The pro version. Has a bigger boiler and a pressure guage which doesn't change the overheating characteristics of the la pavonis, you can help the overheating buy using an aluminium extrusion heat sink on the group.


----------



## urbanbumpkin (Jan 30, 2013)

coffeechap said:


> The pro version. Has a bigger boiler and a pressure guage which doesn't change the overheating characteristics of the la pavonis, you can help the overheating buy using an aluminium extrusion heat sink on the group.


Thanks CC, I thought the pro might have a bigger boiler. Does it still only produce 2.5 shots before over heating?

Is the pressure gauge much use compared to the smaller models that just have the "ready light" that goes on?

What's aluminium extrusion heat sink?


----------



## Mrboots2u (May 10, 2013)

This?

https://londiniumespresso.com/forum/la-pavoni-lever-espresso-machines/311-pavoni-pictures/page-2


----------



## sjenner (Nov 8, 2012)

Mrboots2u said:


> This?
> 
> https://londiniumespresso.com/forum/la-pavoni-lever-espresso-machines/311-pavoni-pictures/page-2


Did you notice that the last set of pictures shows a wood (like) heat sink...

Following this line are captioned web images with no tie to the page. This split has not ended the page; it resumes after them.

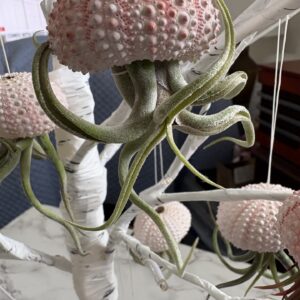Beach Decor Ornaments, Living Air Plants with Sea Urchin Base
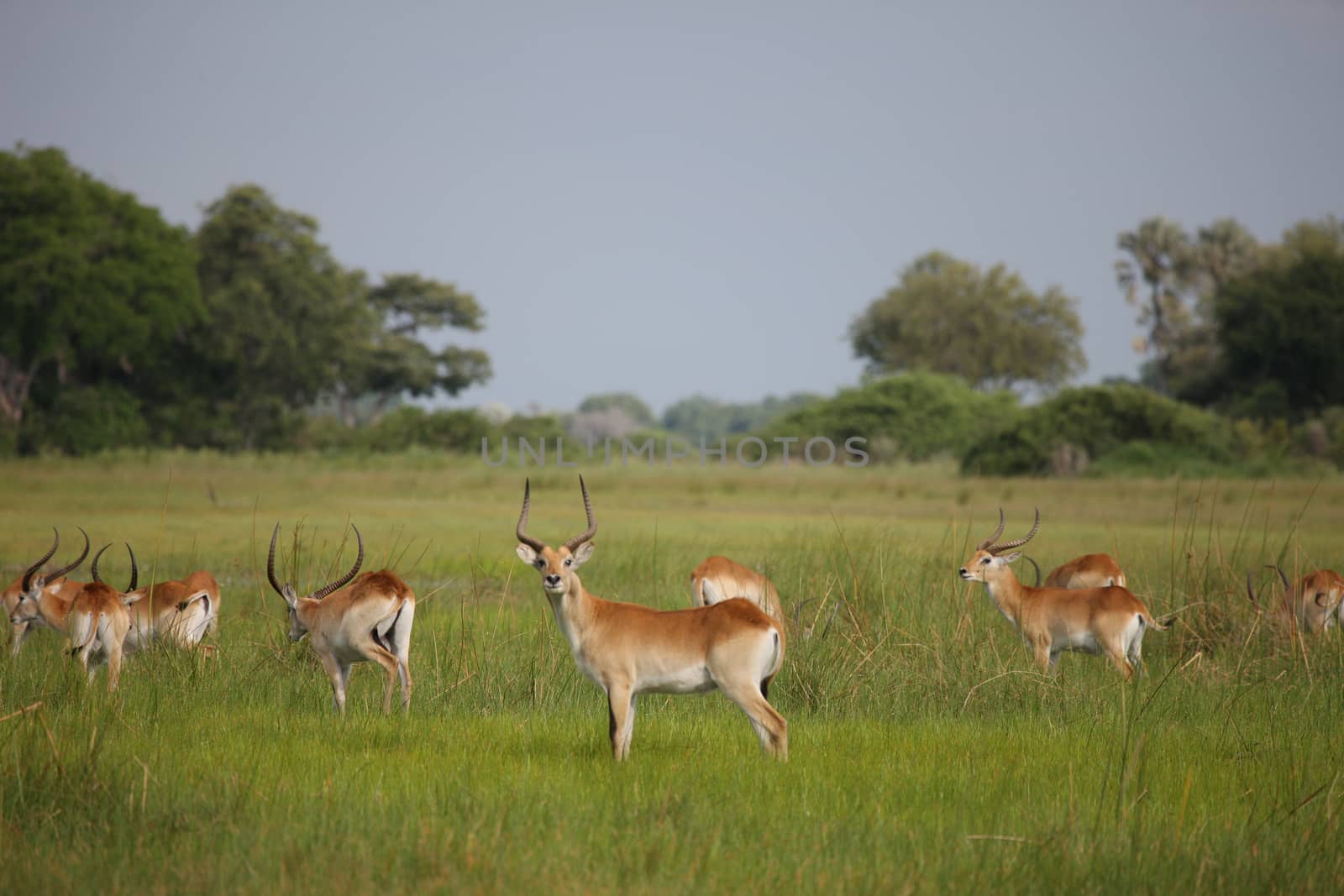 Wild Impala Antelope in African Botswana savannah by desant7474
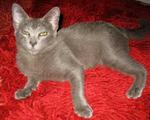 Smokey - 'russian Blue Look' - Domestic Short Hair Cat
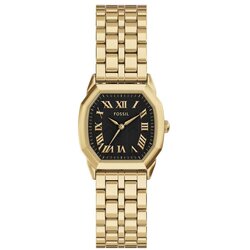 Fossil Harlow ES5433 Ženski sat Cene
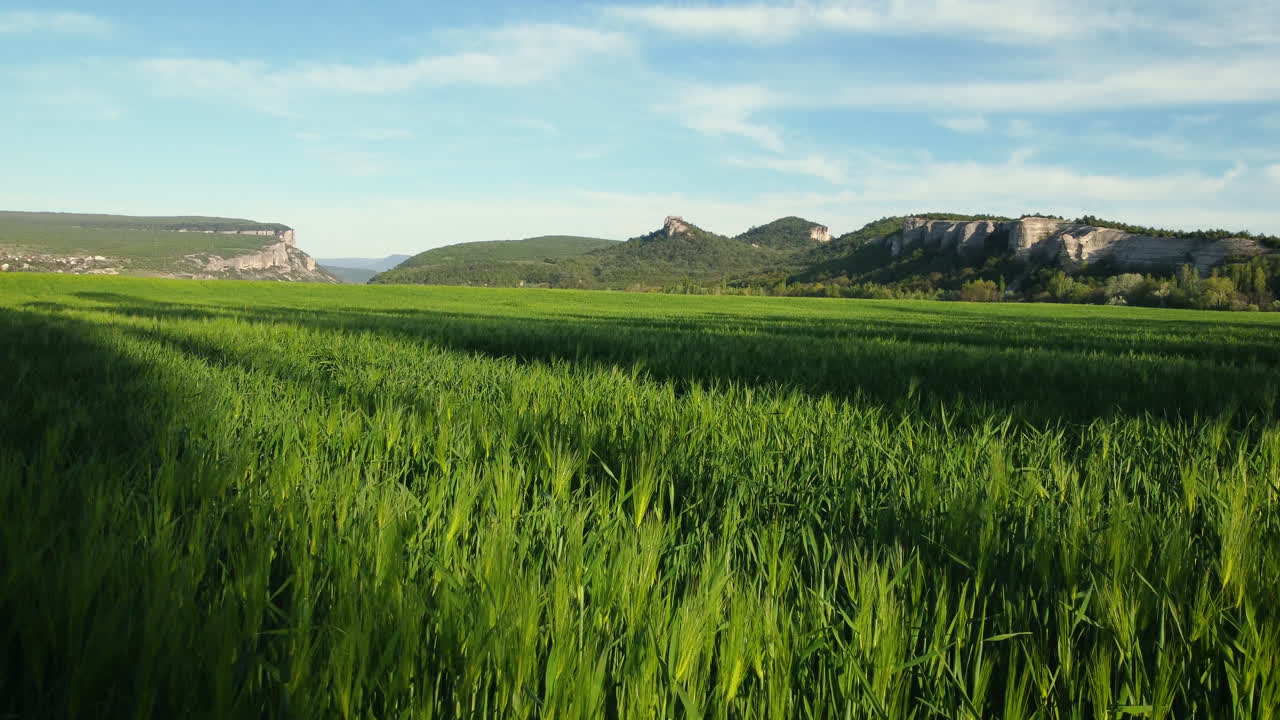 Campo di grano verde con montagne sullo sfondo.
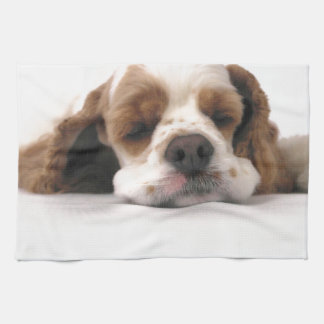 Sova som är rött,/vitcockerspanielSpaniel Kökshandduk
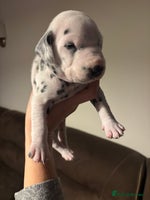 Dalmatian dogs Dalmatians BOYS and GIRLS - Advert 2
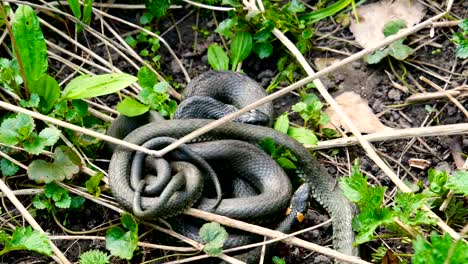 Viele-große-schwarze-Ratte-Schlange-In-The-Grass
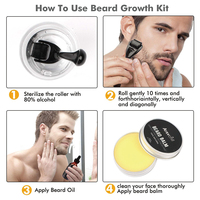 Kit de soin de la barbe pour homme à base d'herbes naturelles en gros sous marque privée, huile de croissance de la barbe, kit de barbe nourrissant et hydratant, certifié MSDS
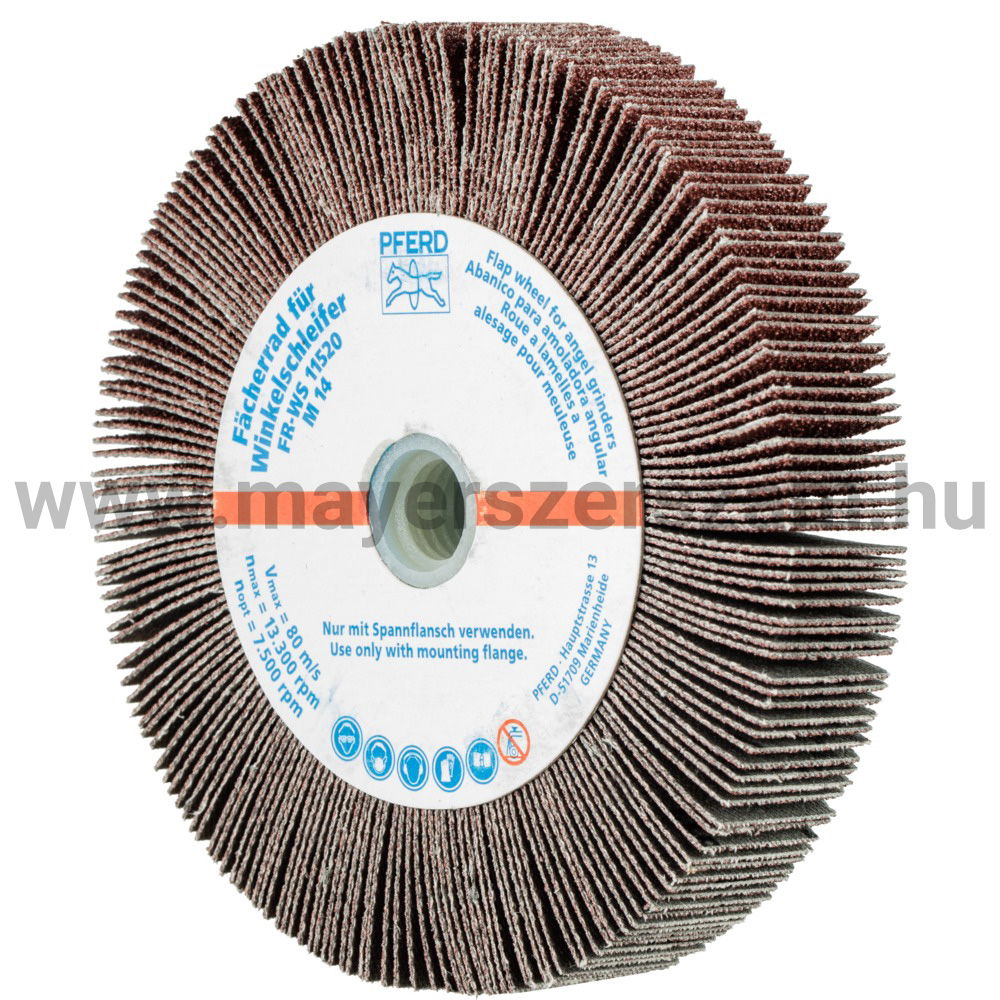 LAMELLÁS CSISZ.-KORONG(SATURNUS) FR WS 11520 M14 A  60 termék fő termékképe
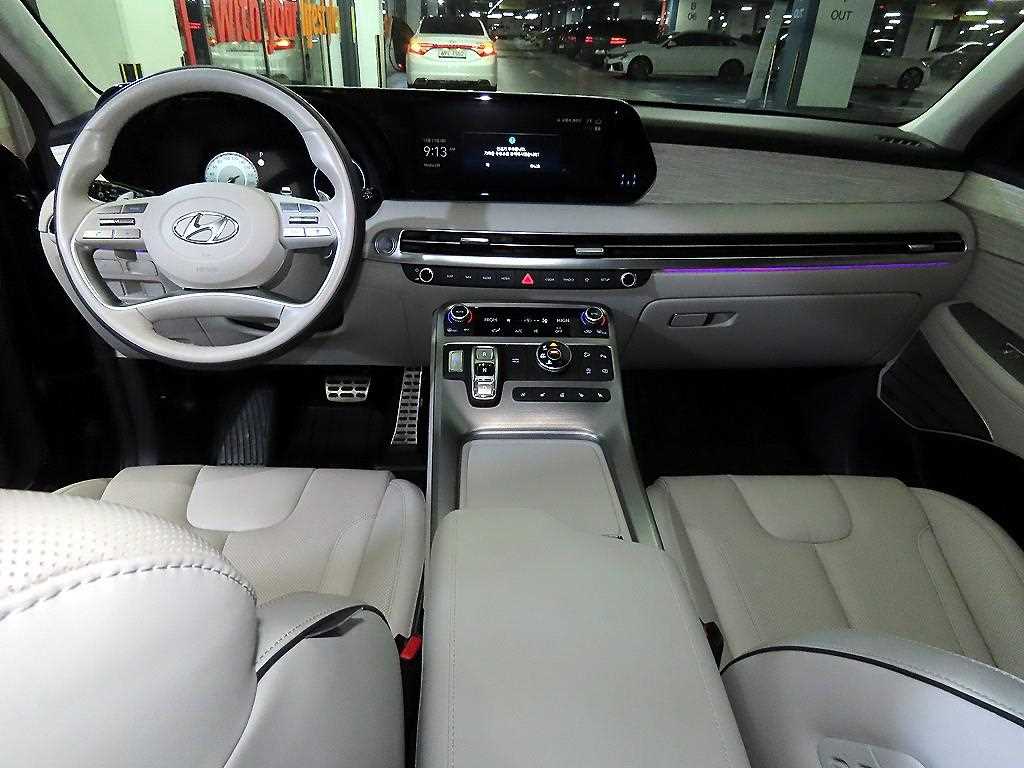 HYUNDAI Palisade - Vista 10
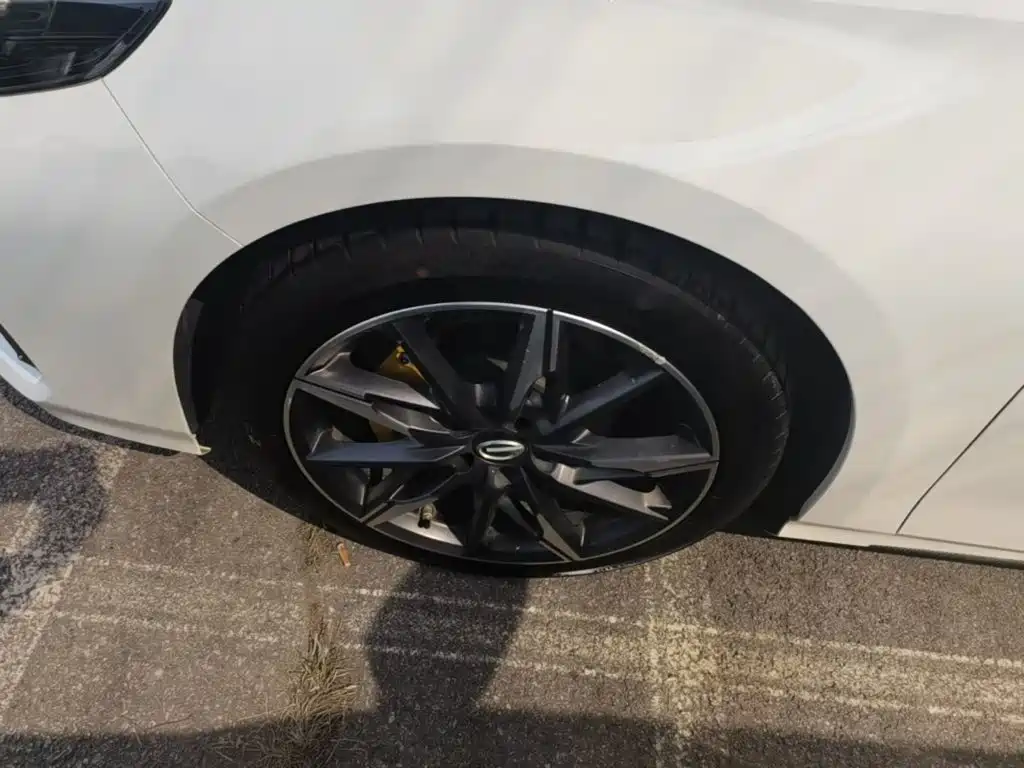 GAC Motor Shadow Leopard — миниатюра 23
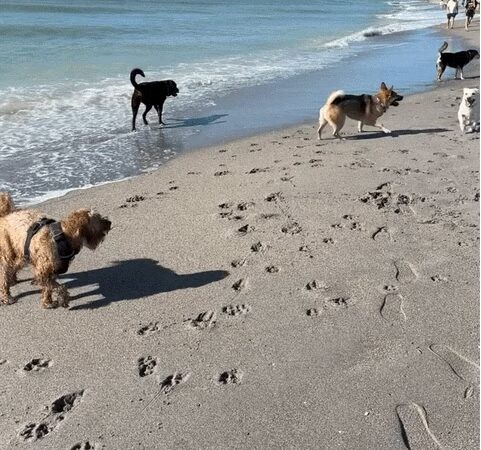 Brohard Paw Park - Venice, FL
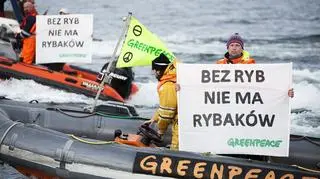 Akcja Greenpeace skierowana jest przeciwko kłusownikom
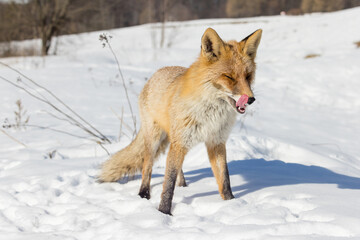 Vulpes vulpes, Red fox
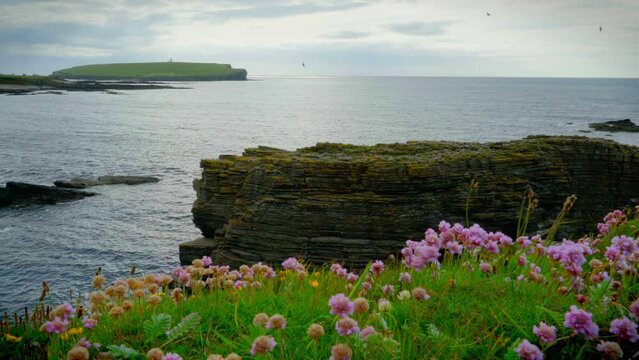 Wide of rocky nesting area for terns in Orkney Scotland with Brough of Birsay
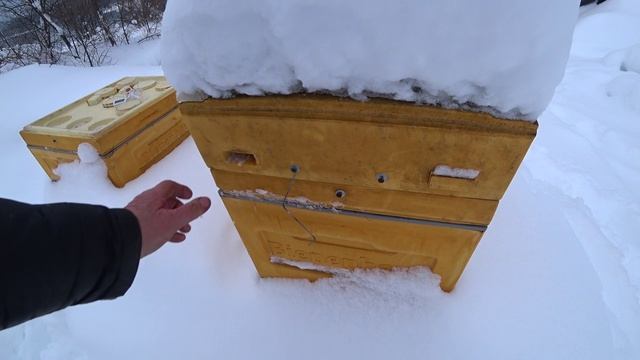 ЗИМОВКА ПЧЁЛ НА ВОЛЕ В МАРТЕ МЕСЯЦЕ, ЧТО НУЖНО СДЕЛАТЬ ДЛЯ ПЧЁЛ смотреть онлайн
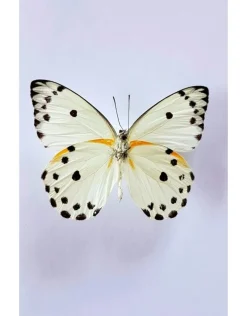 Ongeprepareerde Belenois Calypso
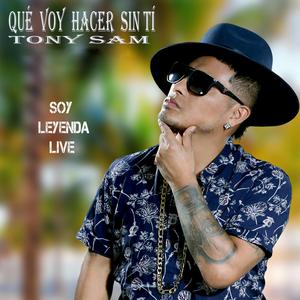 Que voy hacer sin ti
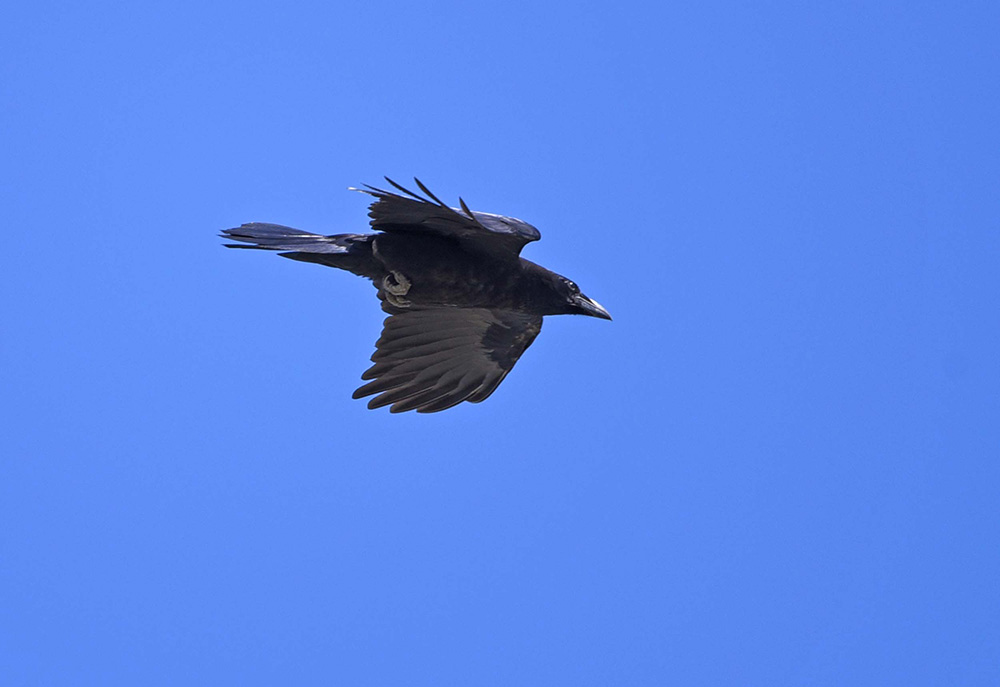 Corvi imperiali (Corvus corax) in alta quota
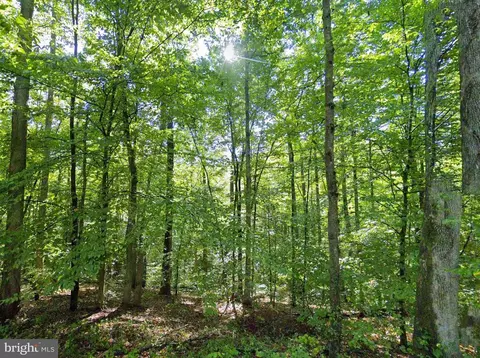 Laurel Rd, Shipman, VA 22971 photo 8
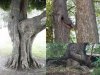 Natural sex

It is wood, and it is a beautifully executed joke.









Anyway, according to Frans, the proper heat sink (as in the first set of pics) actually allows the user to keep making drinks until all eight cups have been used. The pressure gauge on his Europiccola was drilled and installed by the same chap that makes the heat sinks, so it is not standard.


----------



## Mrboots2u (May 10, 2013)

sjenner said:


> Did you notice that the last set of pictures shows a wood (like) heat sink...
> 
> It is wood, and it is a beautifully executed joke.
> 
> ...












13 wooden bits


----------



## hotmetal (Oct 31, 2013)

Wooden heat sink? I wonder if he could make some fireguards too? If he ran out of wood he could always use chocolate!

I secretly fancy a La Pav too, having seen my mate's. He doesn't even have a grinder so I'm trying to get him to bring it over so I can have a play. Are these things useful machines?


----------